__Exercise__
Transcribe exactly, and without pictures, only the lines from the one bearing "Detailed texture of" through the final line of the data below.
::: Recorded data
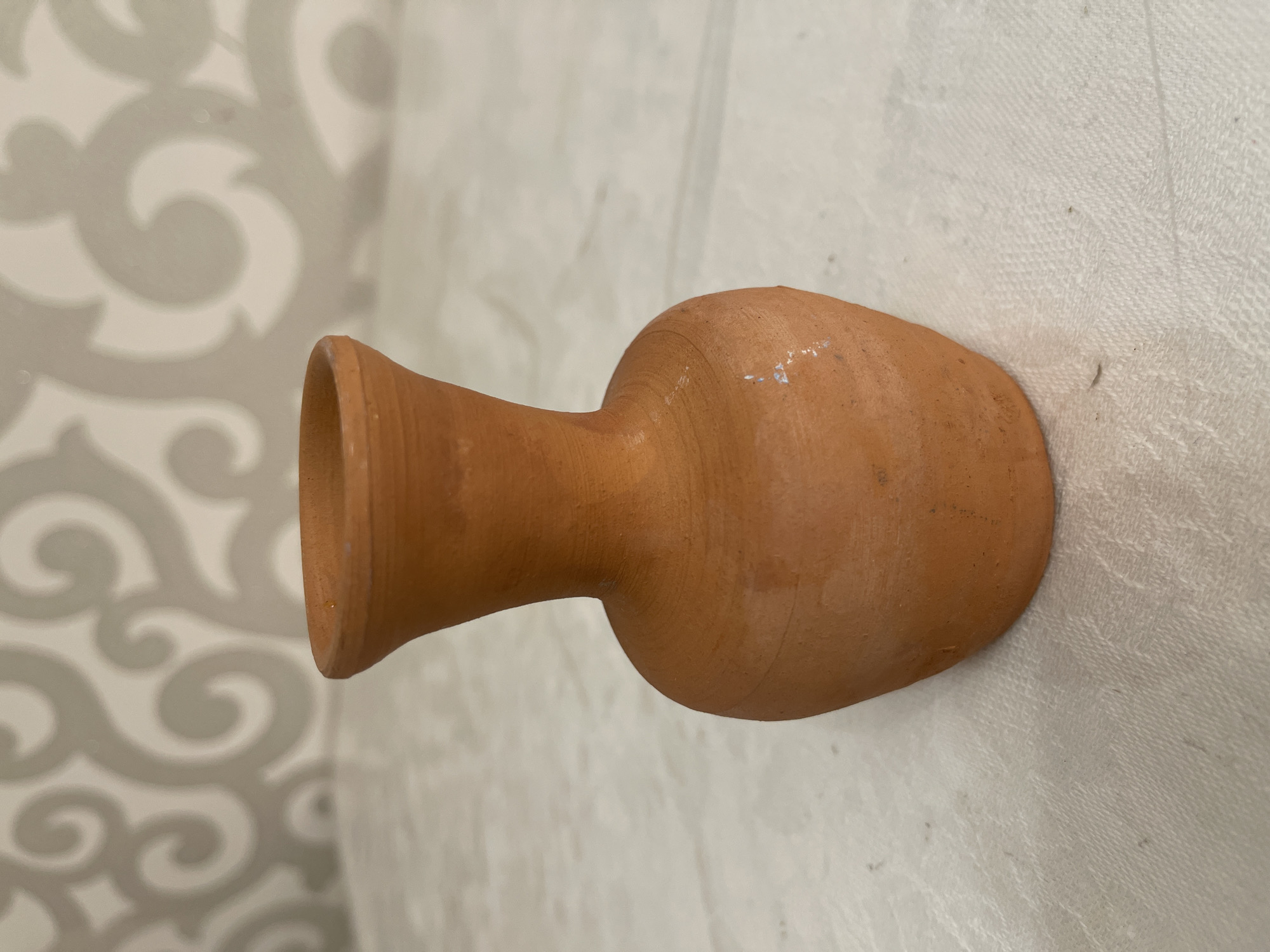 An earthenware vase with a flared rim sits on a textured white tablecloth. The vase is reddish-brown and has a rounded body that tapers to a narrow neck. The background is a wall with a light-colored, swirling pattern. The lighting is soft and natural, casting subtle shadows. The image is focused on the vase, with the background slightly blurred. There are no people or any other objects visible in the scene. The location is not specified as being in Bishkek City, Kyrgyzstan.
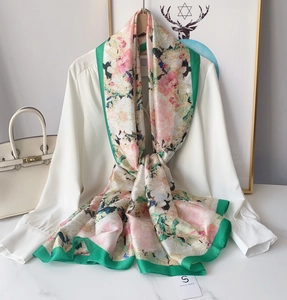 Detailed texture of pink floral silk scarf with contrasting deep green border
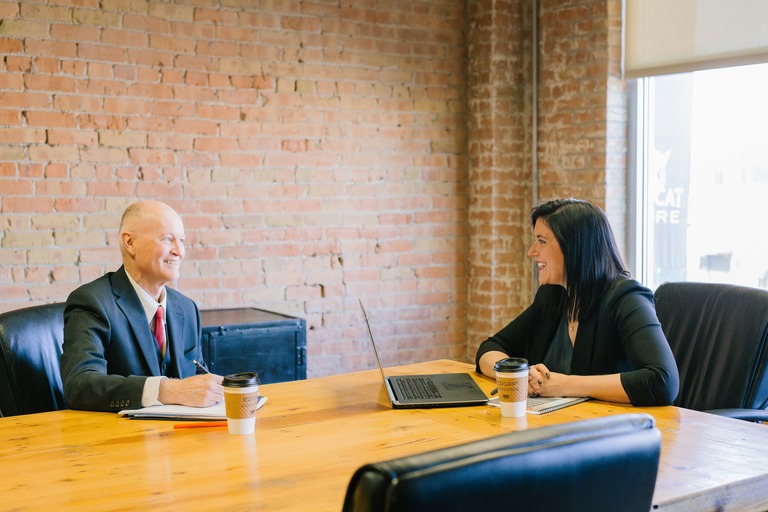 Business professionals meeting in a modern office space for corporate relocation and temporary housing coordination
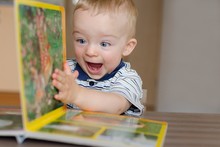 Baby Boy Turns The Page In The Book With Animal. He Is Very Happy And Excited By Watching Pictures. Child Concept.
::::::
__Answer for the task__
 Detailed texture of pink floral silk scarf with contrasting deep green border
 Business professionals meeting in a modern office space for corporate relocation and temporary housing coordination
 Baby Boy Turns The Page In The Book With Animal. He Is Very Happy And Excited By Watching Pictures. Child Concept.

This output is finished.